The straight-ahead side of Ode may be best represented by “Stan the Man”, a fast theme that starts with punched chords and then moves into a boppish theme stated by both hands playing together in octaves. Quick as can be, the band is off to the races, with Mehldau so lickety-split fast and clear that it is remarkable how coherent the thinking is amidst the improvisation. The chord changes he and Grenadier negotiate in their solos come right out of Tin Pan Alley, but they abstract them to create a thoroughly modern sound.

But Ode has a more modern, and highly appealing, side as well. Several of Mehldau’s originals are pleasingly built around pulsing rhythmic patterns that move with great momentum. The title track, “Ode”, almost sounds like a Reich or Glass composition at first, built around thrumming eighth notes and a melody that passes from one register to another. “Twiggy” uses a syncopated pattern in triple meter that locks into a pseudo-samba groove from Ballard and a kalimba-type pattern from Grenadier. It’s a very dancing groove, and it lends itself to a delightful feeling of conversation, again, between the pianist’s two hands. As Mehldau’s improvising right hand spins candy in the upper registers, he keeps up a simple but evolving set of alternations in his left hand that get more daring over time. And “Aquaman” is another theme that rides atop a pulsing groove that shifts aptly into fast swing as the trio sees fit.

Ode has a down-home personality as well. “Bee Blues” is a cracked theme that ambles drunkenly over a hip set of blues harmonies. Grenadier takes the first solo, sounding like an old-fashioned player with nothing but pleasure on his mind, and then Mehldau fashions a solo that is filled with open space and is immune to cliché, a constant back-and-forth with Ballard, who is listening to every note and commenting with wit and clarity. “Kurt Vibe” uses a descending minor pattern over a clattered backbeat to set up a compelling combination of funk and harmonic movement.

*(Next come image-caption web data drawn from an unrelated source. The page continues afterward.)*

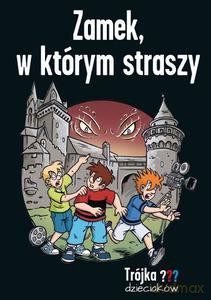 Zamek, w którym straszy - Boris Pfeiffer [KSIĄŻKA]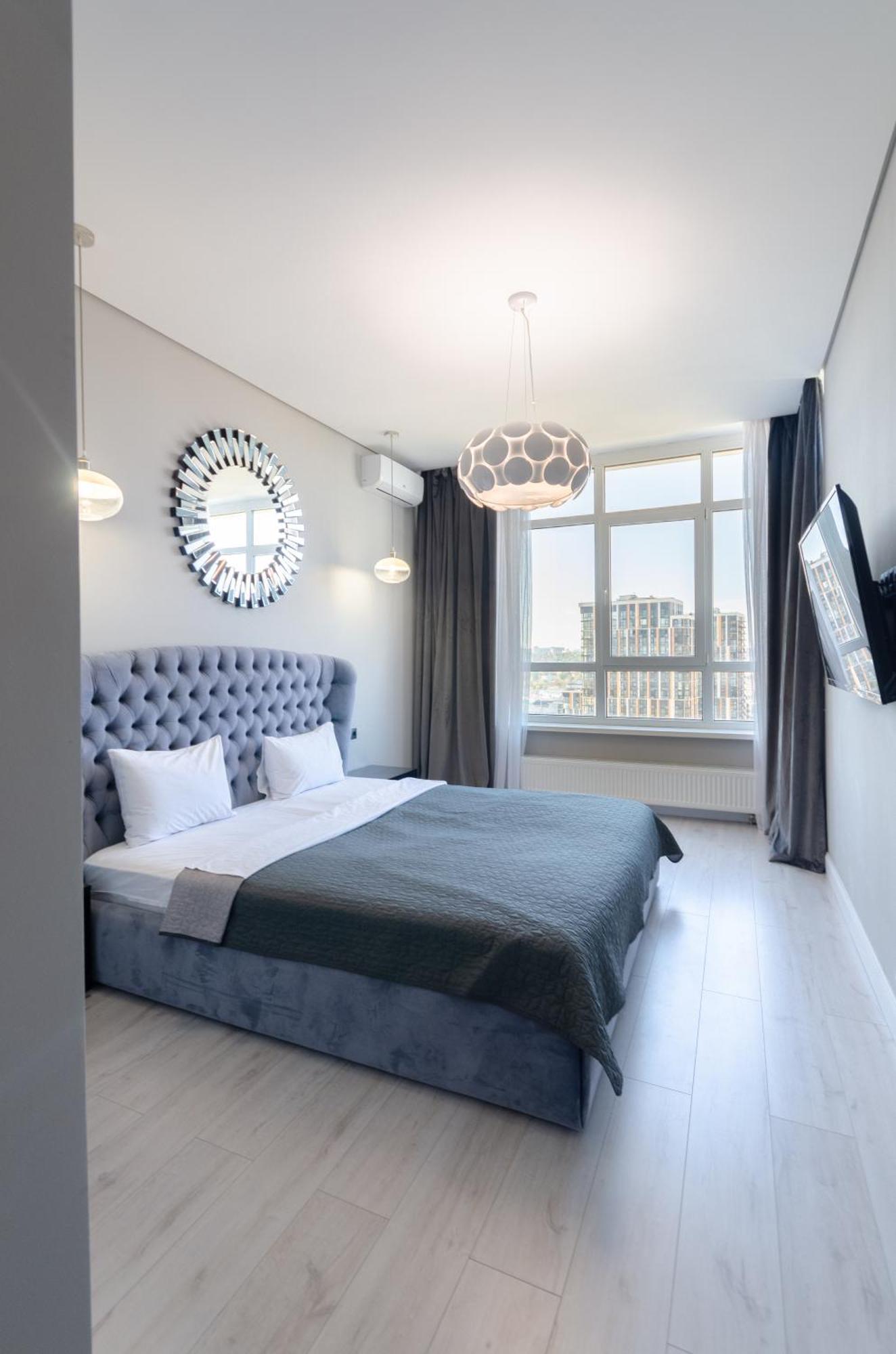 Petrovdom Apartments 267-373 In Rc Central Park, 7 John Mccain Street 基輔 外观 照片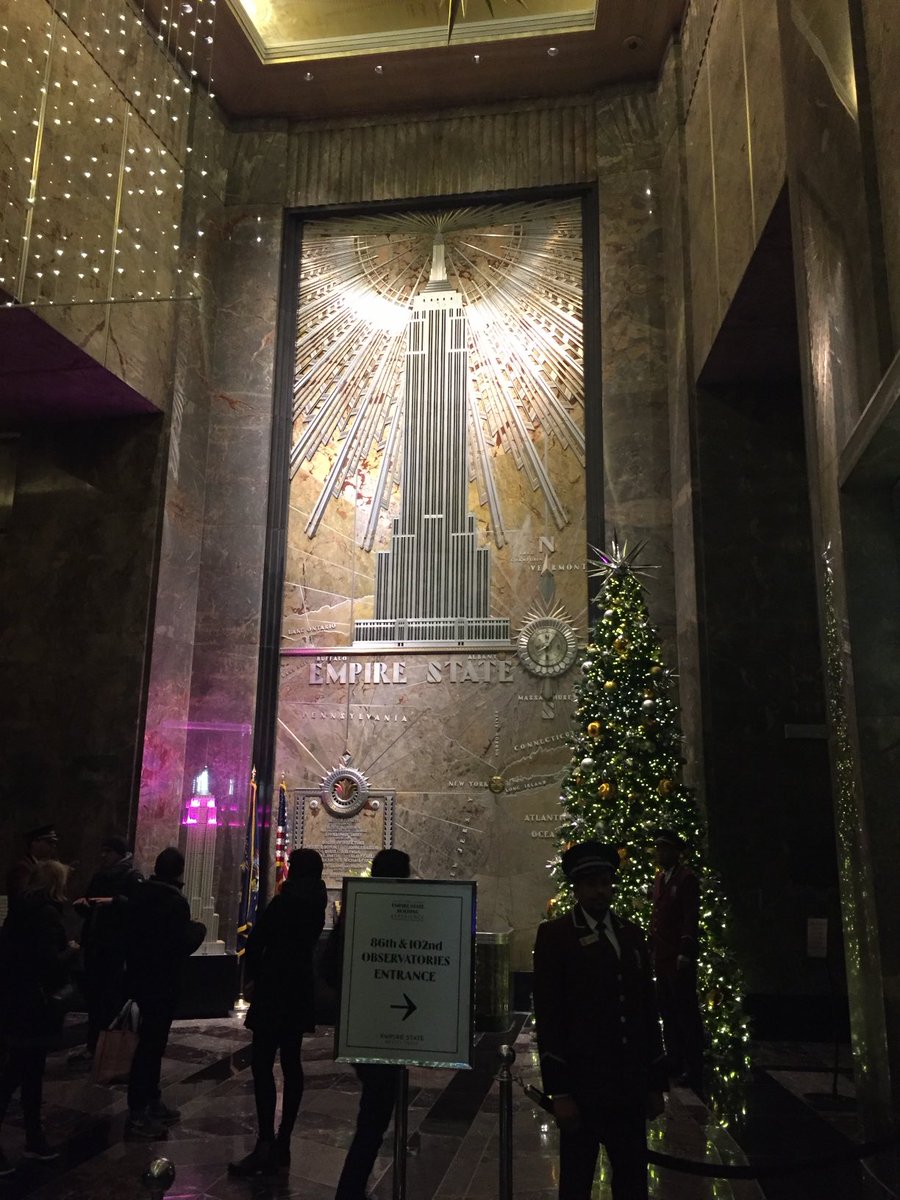 JohnSchoeck's tweet image. Empire State Building

Opening, May 1, 1931. The World’s Most Famous Building

⁦@EmpireStateBldg⁩ #Magnificent #ArtDeco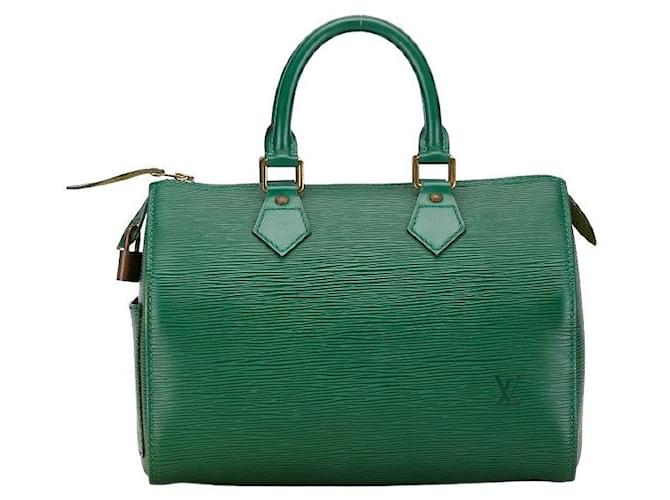 Louis Vuitton Speedy 25 Borsa a mano in pelle M43014 in buone condizioni  ref.1402962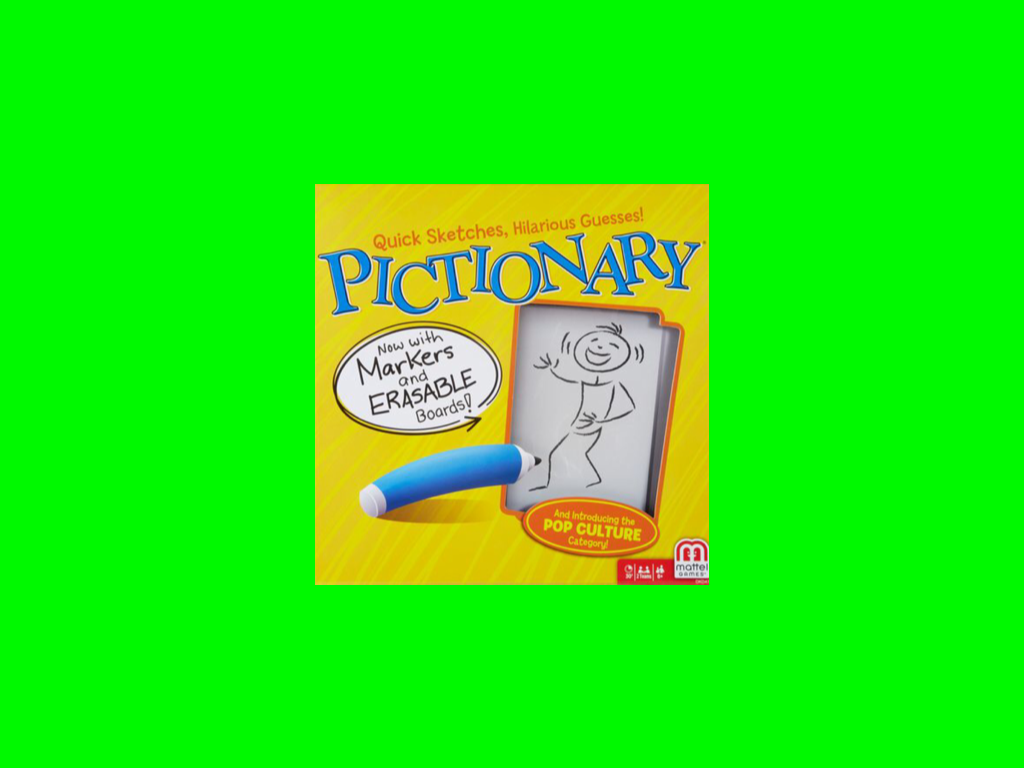 Pictionary 2player 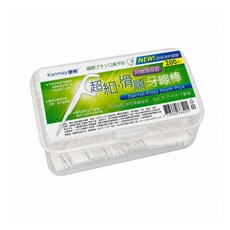 Kanmay康棉 超細滑順牙線棒, 1個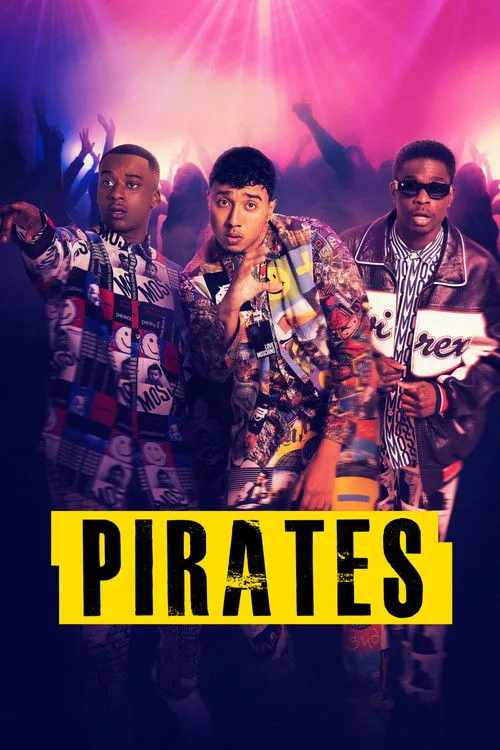 Póster de Pirates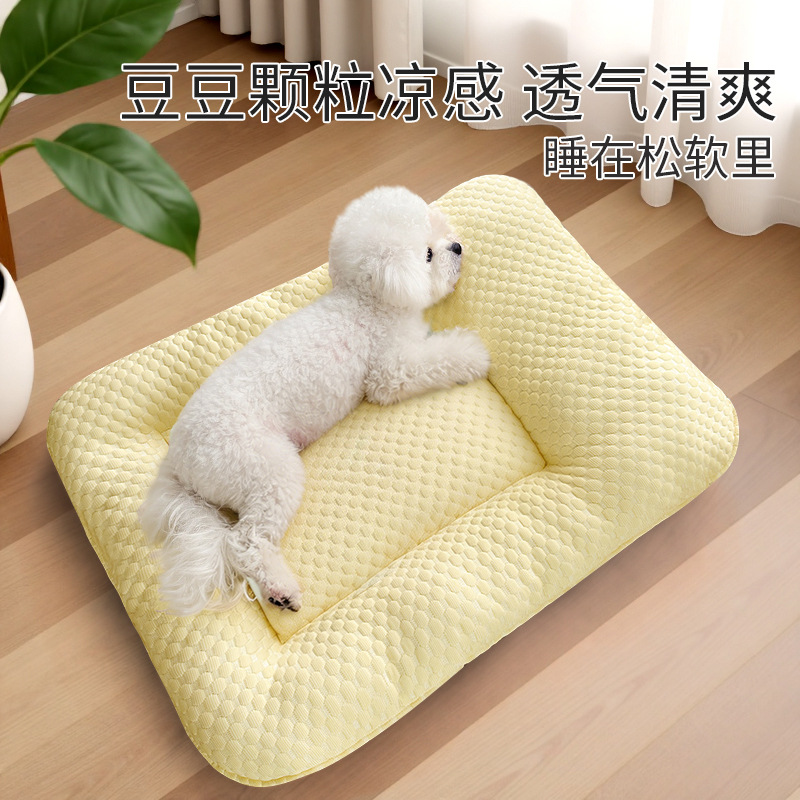 사계절용 강아지 매트, 여름용 강아지 쿨매트, 소형견 아이스 쿨매트, 비숑 테디 수면용 매트, 소프트 매트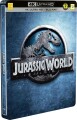 Jurassic World 1 - 2015 - Steelbook - 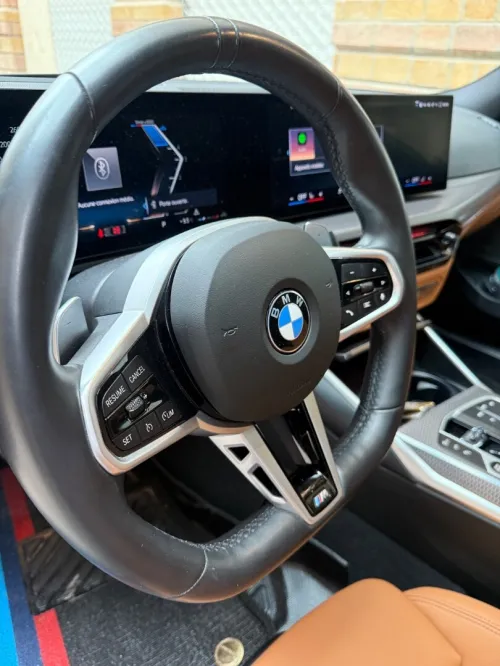 BMW Série 3 2025 Pak m facelift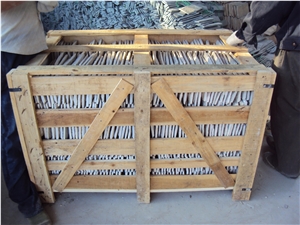Beige Slate Mushroom Stone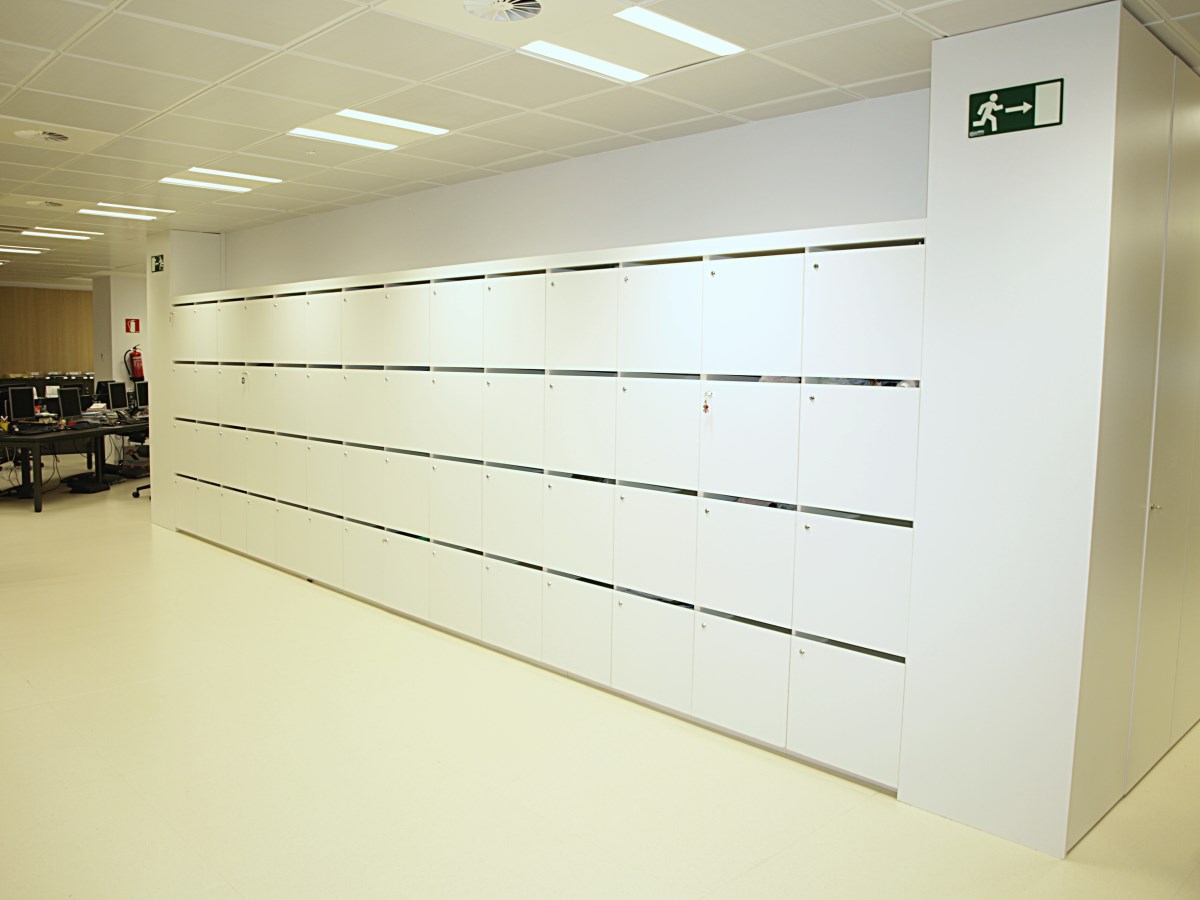Laminados: Taquillas
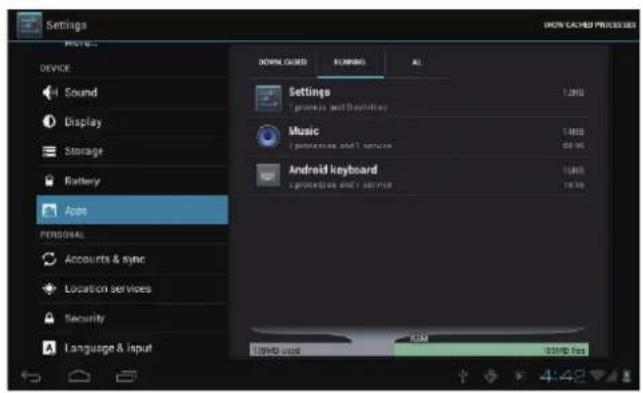 MPMAN MP709 - Applications - 3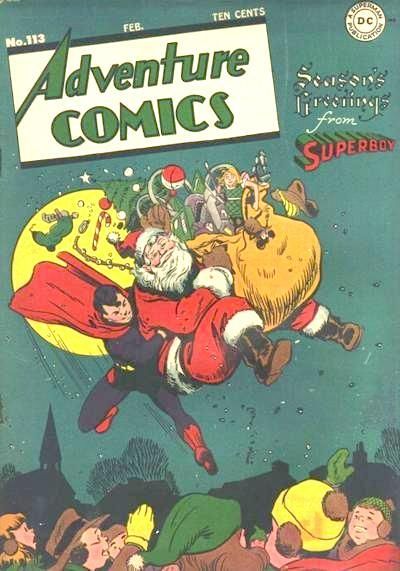 Adventure Comics #113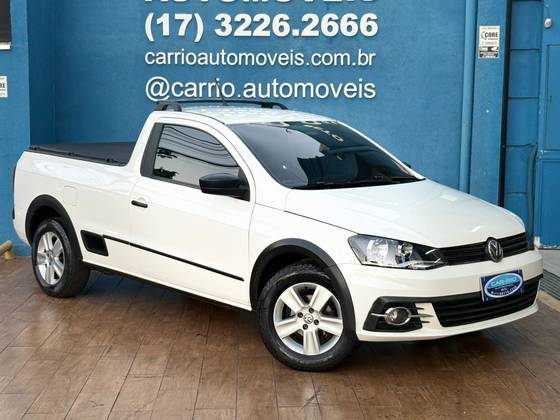 VOLKSWAGEN SAVEIRO 1.6 MI TRENDLINE CS 8V FLEX 2P MANUAL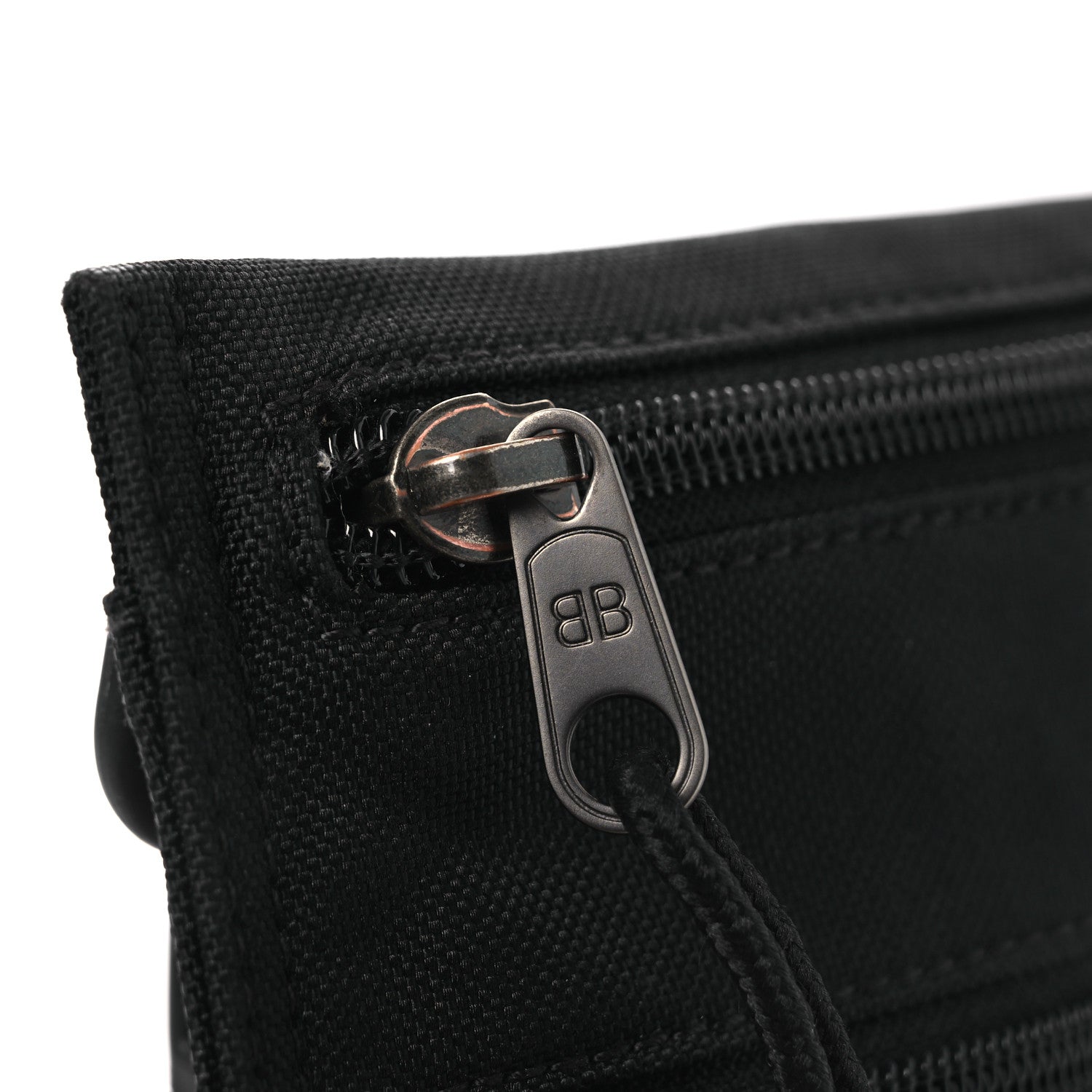 Balenciaga Nylon Explorer Crossbody Pouch Black 14 of 15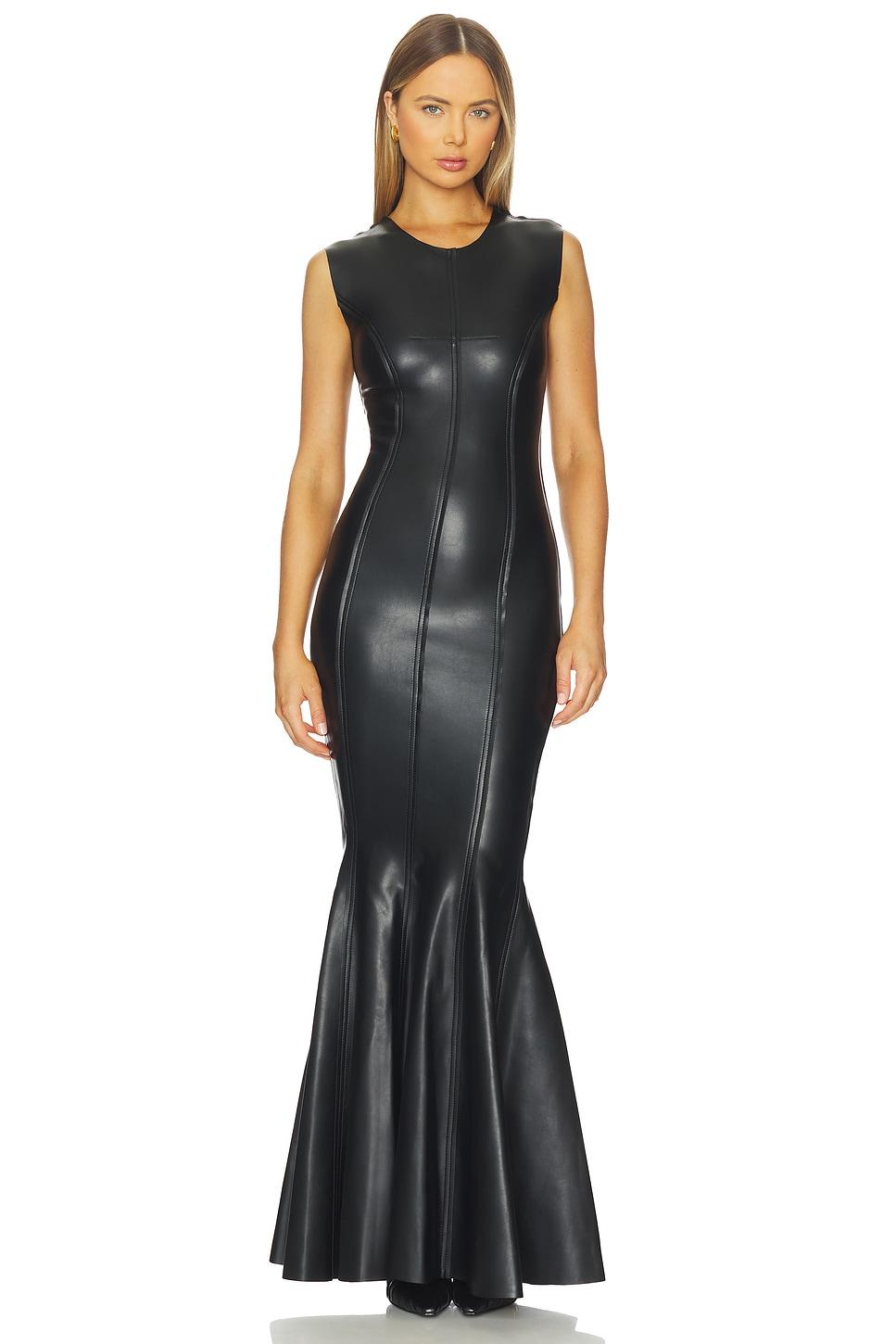 sleeveless grace fishtail gown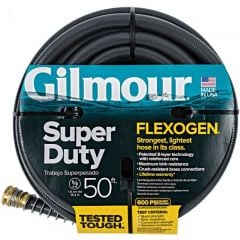 Gilmour Flexogen Super Duty 5/8" x 50' Garden Hose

Finally, Mehldau is still a strong ballad player and composer. “Wyatt’s Eulogy for George Hanson” is a stately and tempo-less theme that gives the trio a vast landscape for exploration, allowing for free improvisation from each player. Mehldau again uses both hands almost independently to create melodic tension and conversation that loops around and intersects with Grenadier’s own free-wheeling bass lines and Ballard’s daring mallet work. If a eulogy is a portrait of a life, a timeline perhaps, then this incredible improvisation fits perfectly, rising and falling like an epic film.

Ode itself does not reach for epic dimension often, and that’s cool. It seems less like a manifesto or a film than like a very fine jazz album. Though the leading jazz pianists today are making lots of impressive statements about where the music is going, maybe creating a compelling album, old school, is still one of the music’s clearest callings. Ode fits the bill.